Task instructions: Under this line are the records; repeat exactly the lines starting at the one containing "Set of three" and ending at the one containing "kitchen with stainless", omitting pictures.

Short web captions:
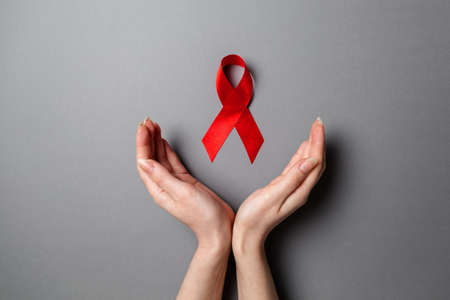 Female's hands frame a red ribbon, a symbol of the fight against AIDS. Gray background. Flat lay....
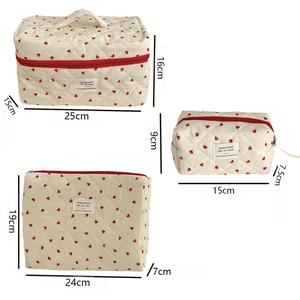 Three-piece quilted makeup bag set with red hearts and size specifications displayed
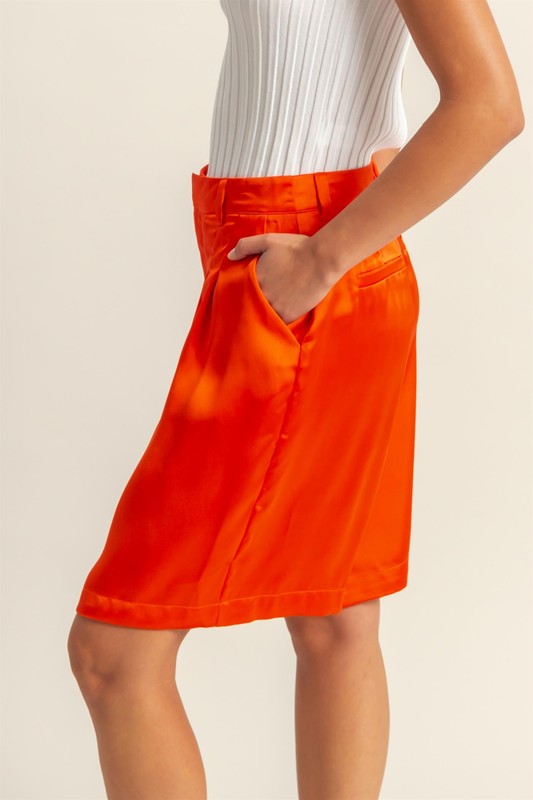 Satin high-waist pleated shorts from Jade Icarus, featuring a stylish automotive-inspired design with a glossy finish.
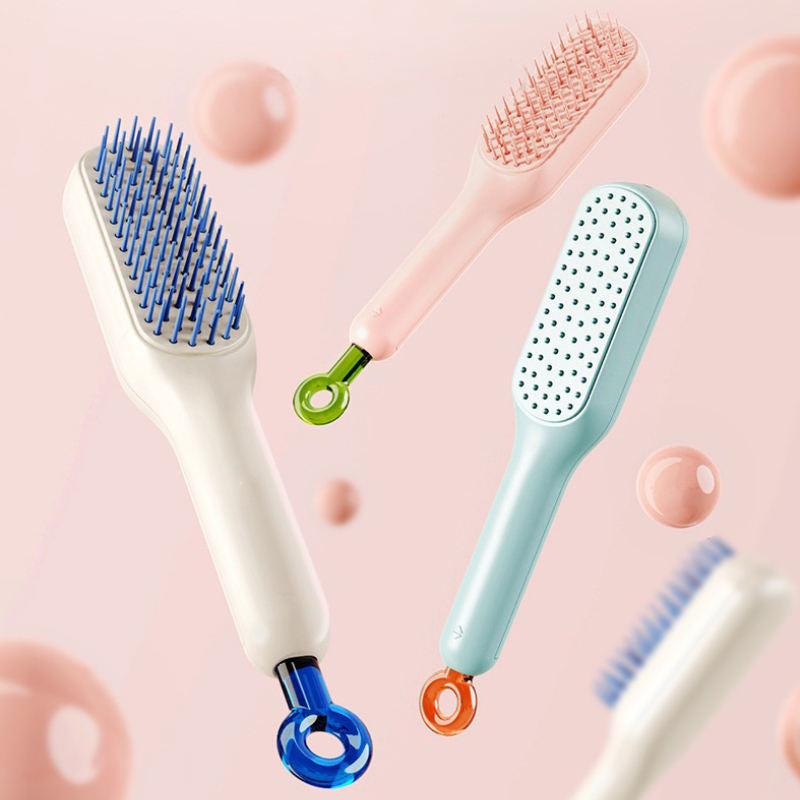 Set of three self cleaning hair brush with different designs on a pink background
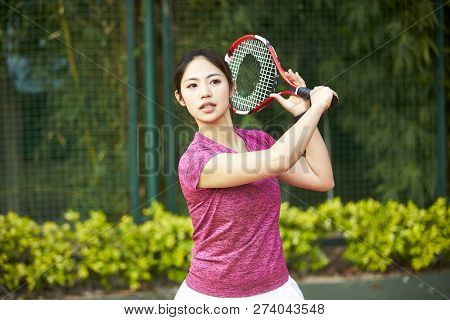 Young Asian Woman Female Tennis Player Hitting Ball With Forehand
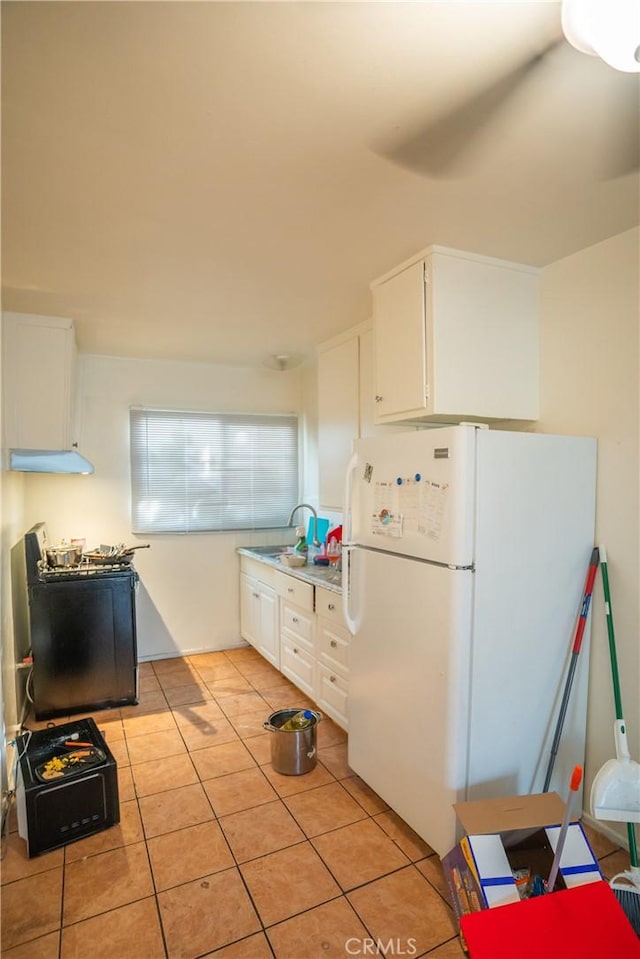 kitchen with stainless steel range with gas cooktop, light tile patterned floors, freestanding refrigerator, white cabinetry, and a sink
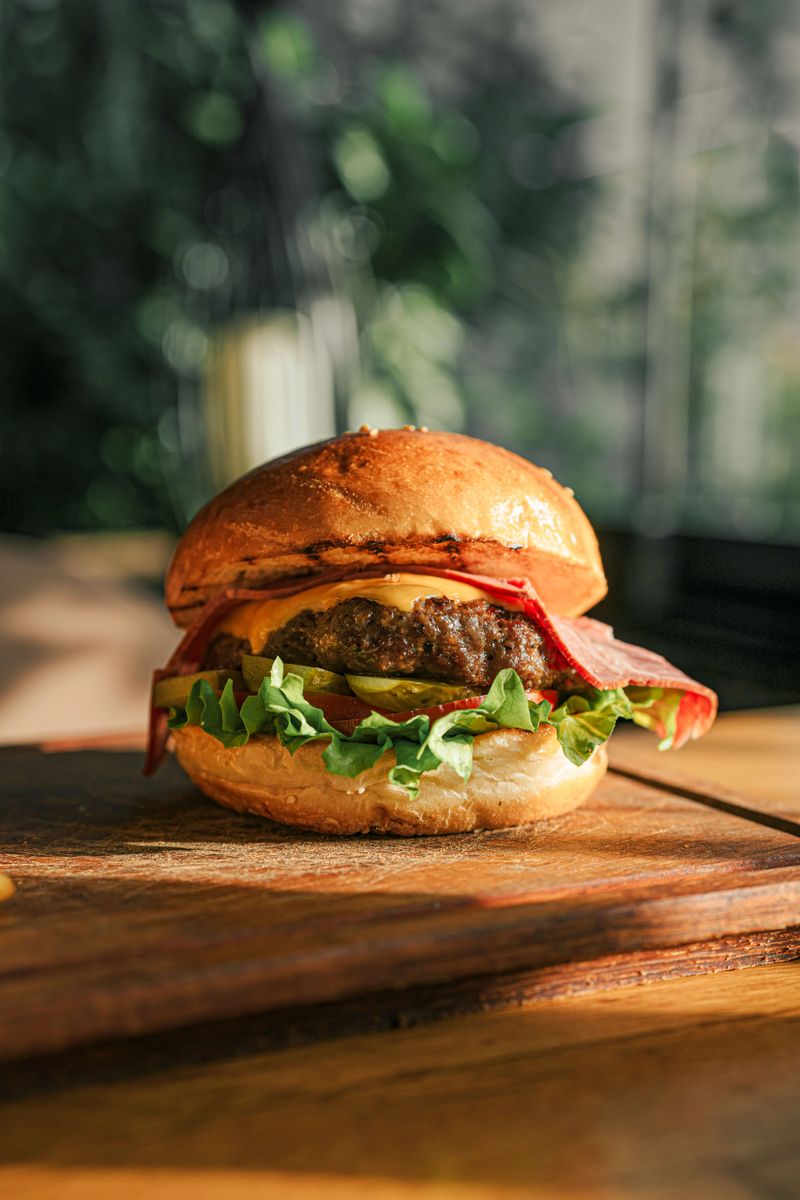 Delicious Hamburger on Wooden Table – Stock Photo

Task result:
 Set of three self cleaning hair brush with different designs on a pink background
 Young Asian Woman Female Tennis Player Hitting Ball With Forehand
 kitchen with stainless steel range with gas cooktop, light tile patterned floors, freestanding refrigerator, white cabinetry, and a sink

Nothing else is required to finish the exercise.